▸ Task data

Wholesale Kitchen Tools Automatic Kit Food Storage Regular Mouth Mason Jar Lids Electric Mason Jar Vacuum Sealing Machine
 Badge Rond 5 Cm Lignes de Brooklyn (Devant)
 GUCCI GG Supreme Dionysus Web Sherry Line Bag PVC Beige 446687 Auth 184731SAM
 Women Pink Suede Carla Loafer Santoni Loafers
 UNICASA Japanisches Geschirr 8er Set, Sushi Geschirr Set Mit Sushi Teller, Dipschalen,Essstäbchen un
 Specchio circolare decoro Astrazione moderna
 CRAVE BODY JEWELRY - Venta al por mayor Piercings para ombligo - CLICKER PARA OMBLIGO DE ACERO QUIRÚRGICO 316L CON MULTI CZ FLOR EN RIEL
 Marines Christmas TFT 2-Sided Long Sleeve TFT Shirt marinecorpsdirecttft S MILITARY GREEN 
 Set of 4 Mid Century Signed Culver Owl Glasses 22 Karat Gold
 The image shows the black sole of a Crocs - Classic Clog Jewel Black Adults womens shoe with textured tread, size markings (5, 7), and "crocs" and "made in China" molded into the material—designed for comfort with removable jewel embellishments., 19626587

▸ Assignment
Write the material out once more so that every line matches the original.

▸ Expected answer
Wholesale Kitchen Tools Automatic Kit Food Storage Regular Mouth Mason Jar Lids Electric Mason Jar Vacuum Sealing Machine
 Badge Rond 5 Cm Lignes de Brooklyn (Devant)
 GUCCI GG Supreme Dionysus Web Sherry Line Bag PVC Beige 446687 Auth 184731SAM
 Women Pink Suede Carla Loafer Santoni Loafers
 UNICASA Japanisches Geschirr 8er Set, Sushi Geschirr Set Mit Sushi Teller, Dipschalen,Essstäbchen un
 Specchio circolare decoro Astrazione moderna
 CRAVE BODY JEWELRY - Venta al por mayor Piercings para ombligo - CLICKER PARA OMBLIGO DE ACERO QUIRÚRGICO 316L CON MULTI CZ FLOR EN RIEL
 Marines Christmas TFT 2-Sided Long Sleeve TFT Shirt marinecorpsdirecttft S MILITARY GREEN 
 Set of 4 Mid Century Signed Culver Owl Glasses 22 Karat Gold
 The image shows the black sole of a Crocs - Classic Clog Jewel Black Adults womens shoe with textured tread, size markings (5, 7), and "crocs" and "made in China" molded into the material—designed for comfort with removable jewel embellishments., 19626587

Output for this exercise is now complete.